- Biden-era documents on Covid, gender identity scrapped
- Secretary seeks to clear way for MAHA agenda
US Health Secretary Robert F. Kennedy Jr. is rescinding Biden administration policy efforts on Covid-19 and gender identity bias protection as part of a regulatory overhaul he says will make it easier to pursue his Make America Healthy Again agenda.
“I have instructed HHS to launch the most sweeping deregulatory initiative in the history of the Department,” Kennedy said in a Tuesday Federal Register notice.
“We are eliminating bureaucratic red tape and refocusing on our core mission to Make America Healthy Again,” Kennedy said.
The Federal Register Notice announces the rescission of four agency documents, three of which were issued by the Biden administration’s Department of Health and Human Services. That includes a 2021 extension for designating certain materials scarce in order to prevent hoarding during the Covid-19 pandemic.
Also on that list is a 2021 notice that the HHS would interpret Section 1557 of the Affordable Care Act as prohibiting gender identity discrimination. The Biden administration later issued a related rule that was broadly challenged in court and is expected to be withdrawn by the Trump administration.
Josh Blackman, professor at the South Texas College of Law, noted that the US Supreme Court will soon make a decision in United States v. Skrmetti, a case over whether Tennessee can deny minors transgender medical treatment. Should Tennessee win, Blackman suspects “RFK will be on a much stronger footing to roll back the ACA policy.”
Biden administration guidelines on the administration of buprenorphine for opioid use disorder treatment and a 2001 action on opioid treatment were likewise repealed.

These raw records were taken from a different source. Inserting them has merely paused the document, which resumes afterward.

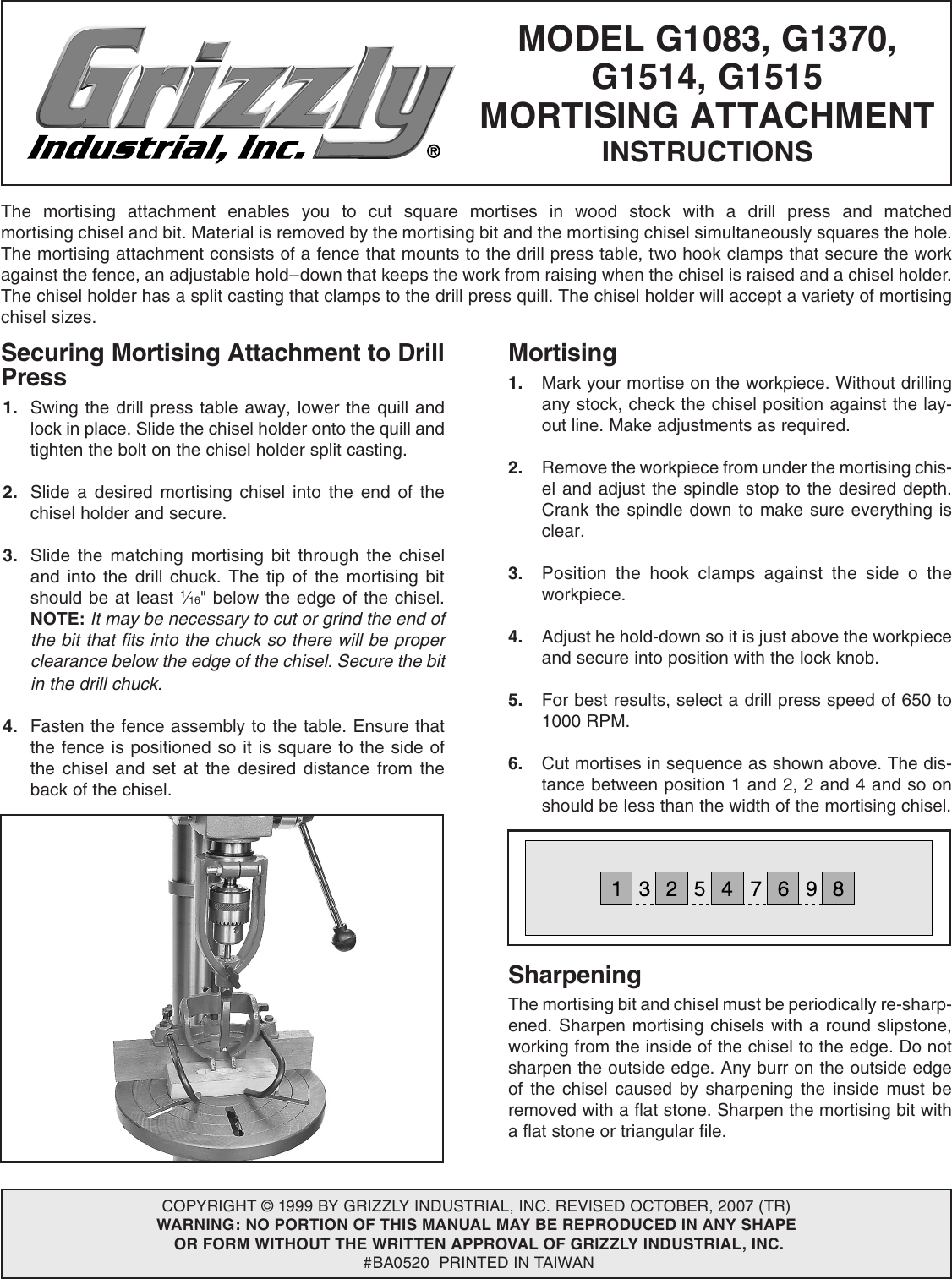 Page 1 of 2 - Grizzly G1515 G1083 1370 Instructions User Manual  63c4e3ac-2a79-5b94-7d26-85cc1c45a7ad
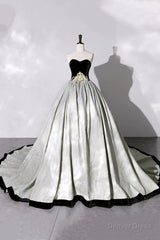 A-Line Sweetheart Neckline Long Formal Gown, Beautiful Strapless Evening Party Dress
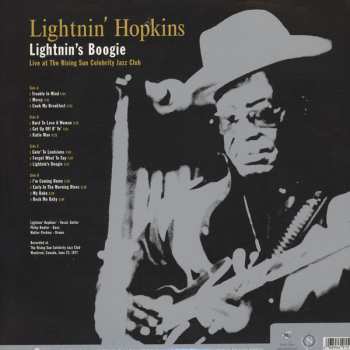 2LP Lightnin' Hopkins: Lightnin's Boogie: Live At The Rising Sun Celebrity Jazz Club LTD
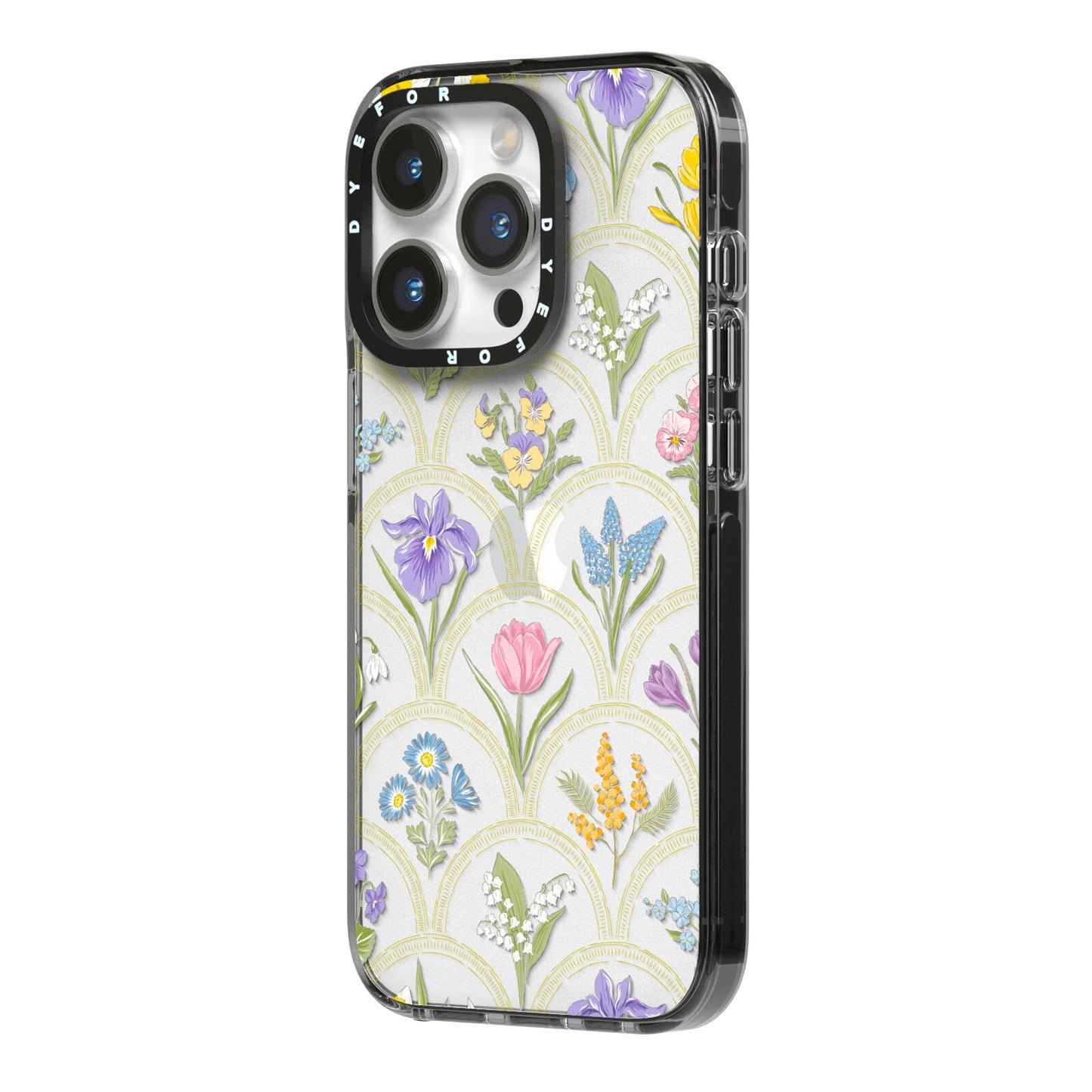 Spring Floral Pattern iPhone 14 Pro Black Impact Case Side Angle on Silver phone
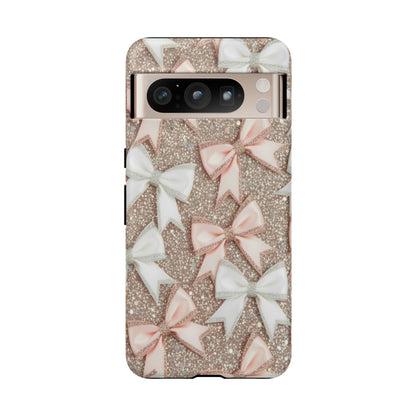 Glitter Bow Tough Phone Case — Pink & White Ribbon Protective Cover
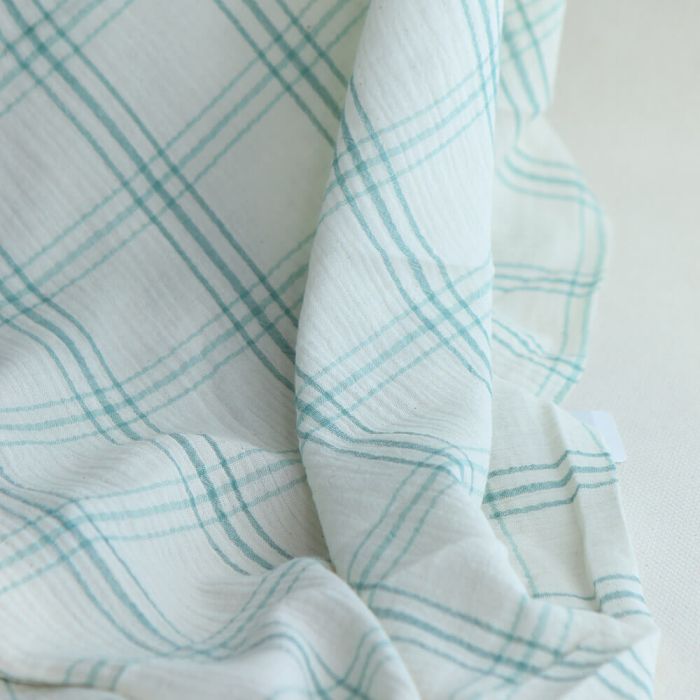 Double gaze de coton ivoire carreaux aqua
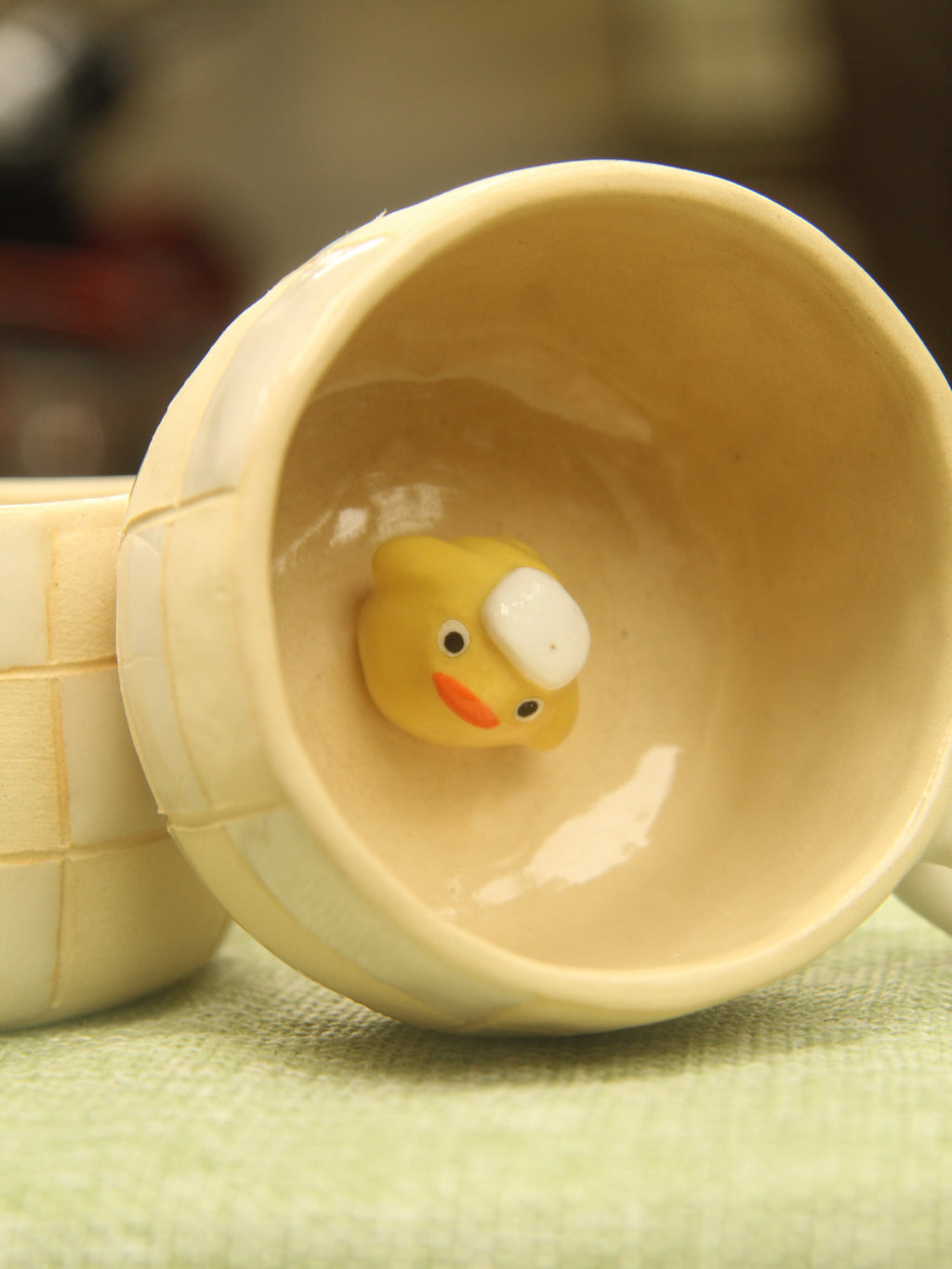 [Pre-order] Yellow Duck Handmade Ceramic Espresso Cup, Handbuilt Pottery, Cute Gift For Anime Fan, Unique Birthday Gift, Adorable Valentine Gift | Totto Pottery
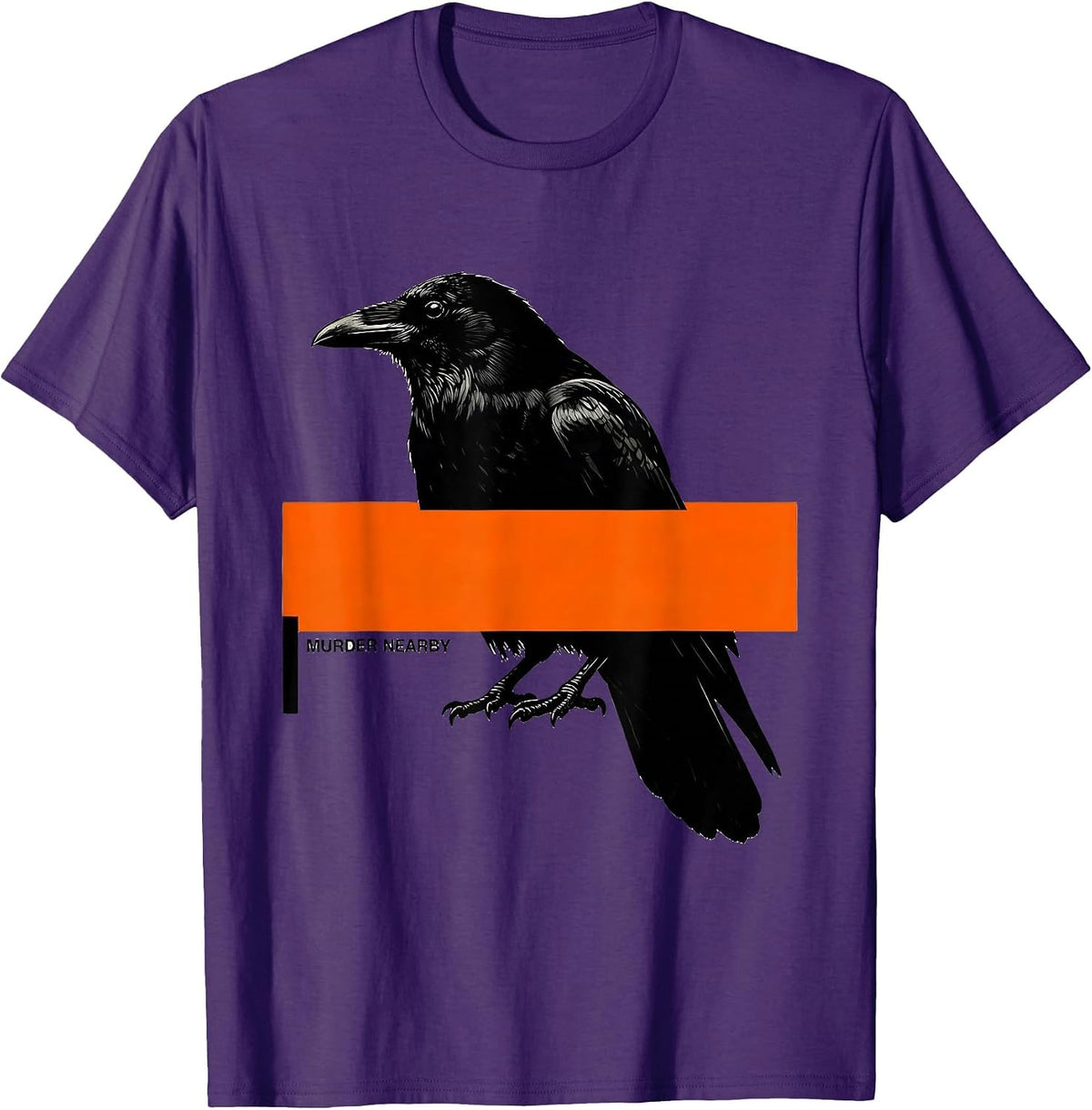 Murder Nearby Brutalist Dark Humor Crow Raven Bird Lover T-Shirt - Purple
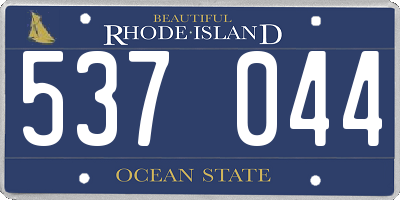 RI license plate 537044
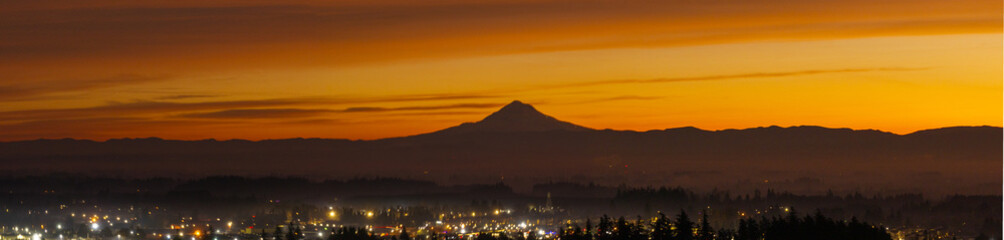Stunning Sunrise looking at Mt Hood in Woodburn Oregon, Pacific Northwest	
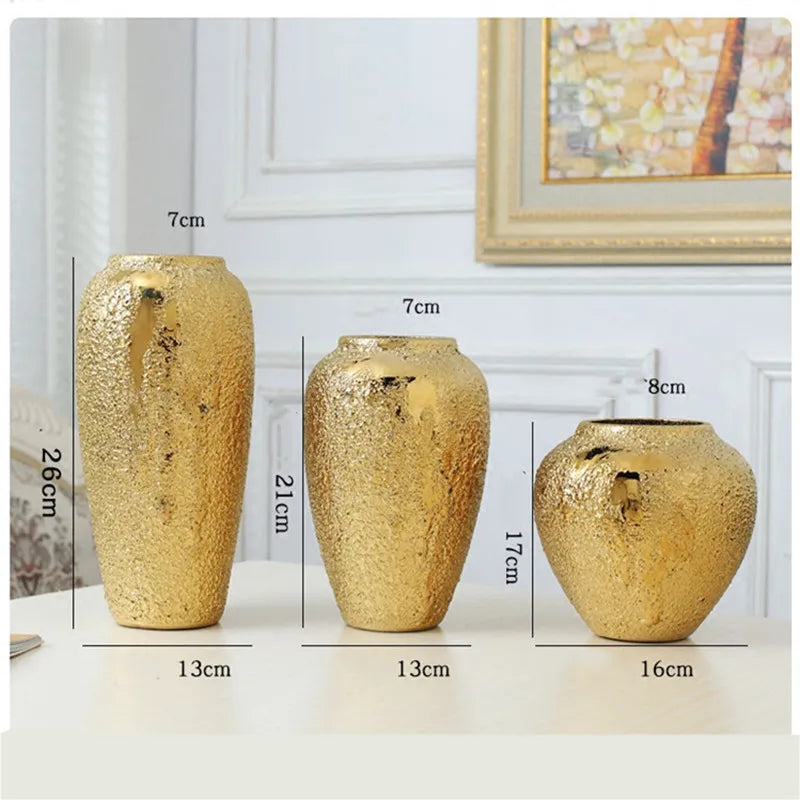 Opulent Gold Ceramic Vase In European Style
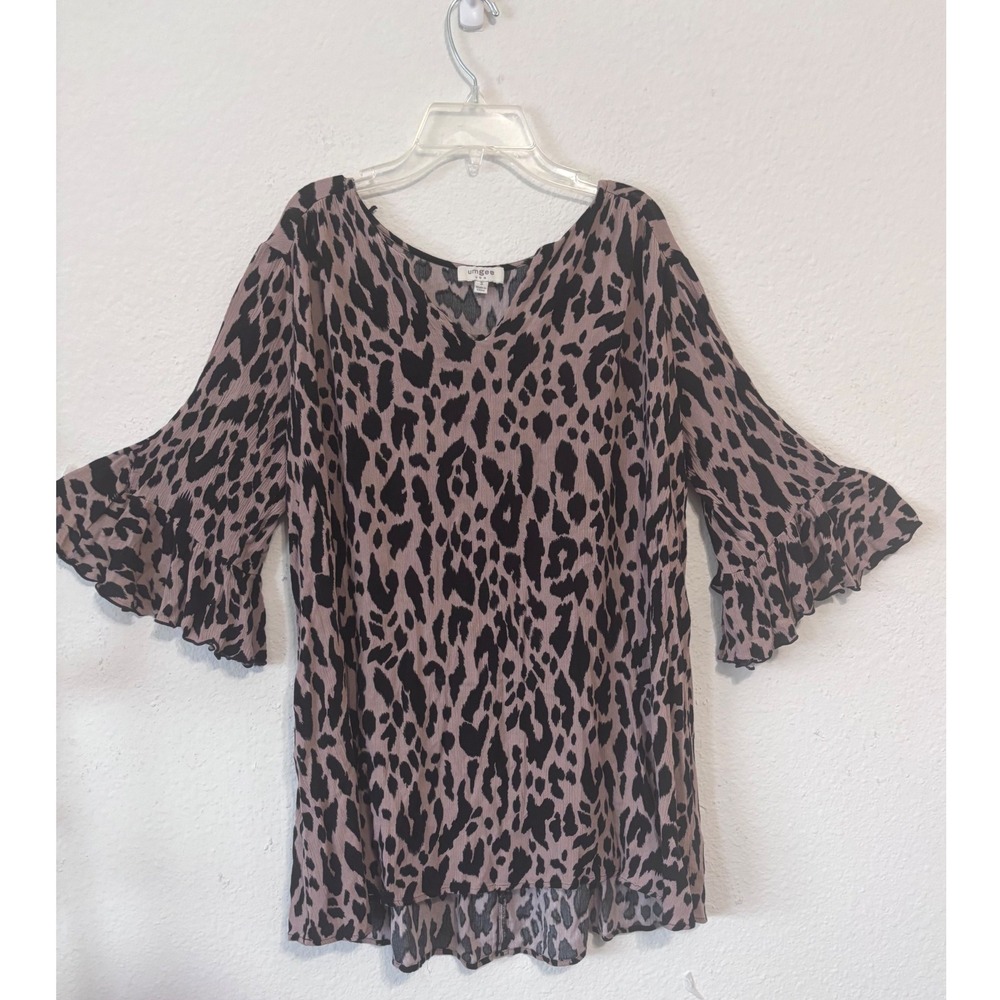 Umgee Boho Top Animal Print Bell Sleeve‎ V Neck Tunic Oversized Small Hippie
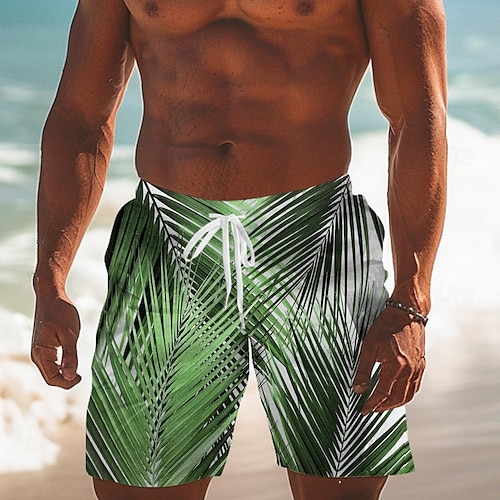  Homens Folha Plantas Tropicais Calção de Banho Bermuda de Surf Calção Cintura Média Moda Roupa de rua Designer Casual Diário Feriado Bolsos Com Cordão Cintura elástica Designer Roupa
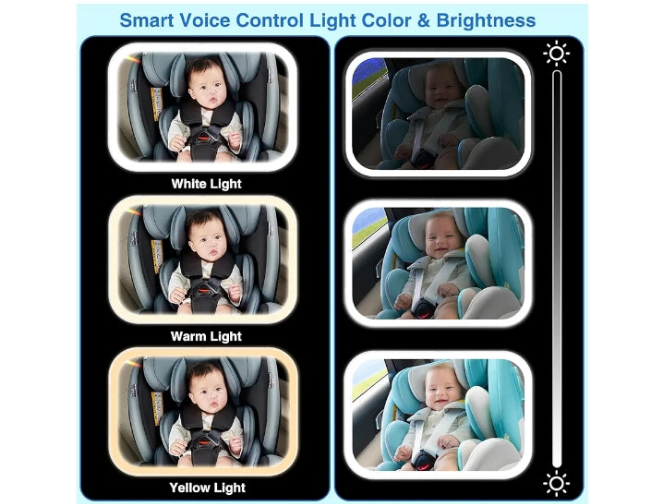 Smart Baby Car Mirror with Lights, Voice Control Safety Car Seat Mirror for Baby Rear Facing Infant with Wide Crystal Clear View, Shatterproof, Fully Assembled, Crash Tested and Certified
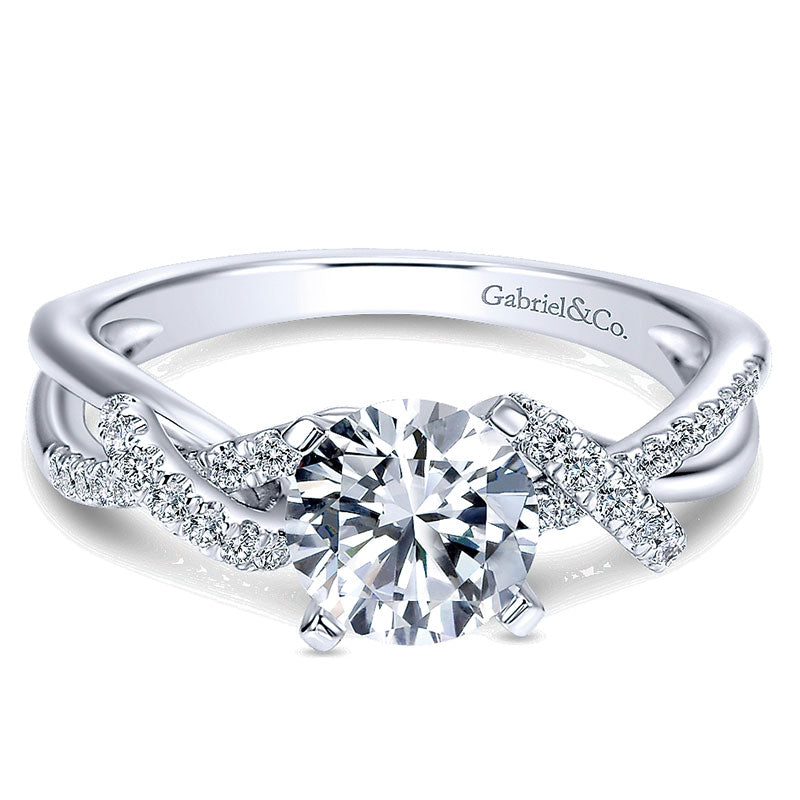 Engagement Ring 14k White Gold Diamond Free Form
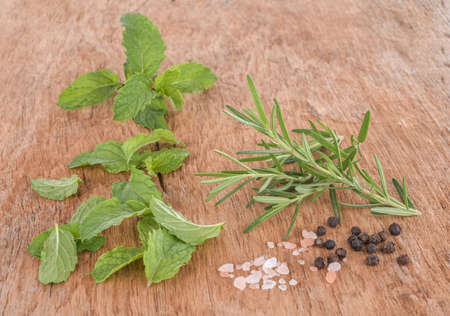 Rosemary  and  Peppermint Old wooden backgroundの写真素材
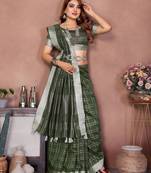 Green weaving linen cotton saree with blouse
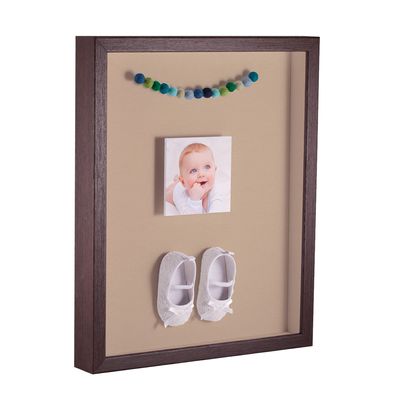 ArtToFrames 14 x 18 Inch Shadow Box Picture Frame, with a Verlinga Brown 1'' Shadowbox Frame and Scotch Mist Mat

Separately, the HHS took to the Federal Register to solicit input from the public “on how to dramatically deregulate across all areas the Department touches.”
That information request is more concerning than the policy rescission, said Liza Vertinsky, law professor at the University of Maryland, as it makes removing regulations “the goal rather than actually investigating how we might improve public health outcomes.”
“It is worth watching for changes in regulations that facilitate RFK’s efforts to interfere with vaccine research, reporting, testing, and otherwise pursue his anti-vaccine views and interests. There is no doubt that this will be a focal point of his regulatory agenda,” Vertinsky said.
Vertinsky also noted the importance of pushing back on the HHS’ framing of regulations being burdensome.
“There is no clear explanation of what the ‘burdens’ are or who they are being imposed on. Is it a burden on a company to be told that it can’t commit fraud, for example, and if so, is that a case where the cost to the fraudster might outweigh the benefit to the patient from accessing essential products at an affordable price?” Vertinsky said.
Also on Tuesday, the Food and Drug Administration joined the HHS in issuing an information request.
In a statement announcing the RFI, FDA commissioner Marty Makary said that the agency’s effort “is about restoring common sense to health care regulation.”
“By cutting outdated red tape, we can lower costs, increase access to innovation, and let clinicians spend more time with patients—not paperwork. We welcome public input to help identify reforms that truly make a difference,” Makary said.
Carmel Shachar, professor at Harvard’s law school, said that “what we’re seeing now is a pebble coming before the avalanche,” given the Trump administration’s directive for agencies to identify problematic regulations—cited by the HHS Tuesday—and listof Supreme Court decisions that justify its rationale.
“It’s much more a furtherance of an agenda than just a regulatory spring cleaning,” Shachar said.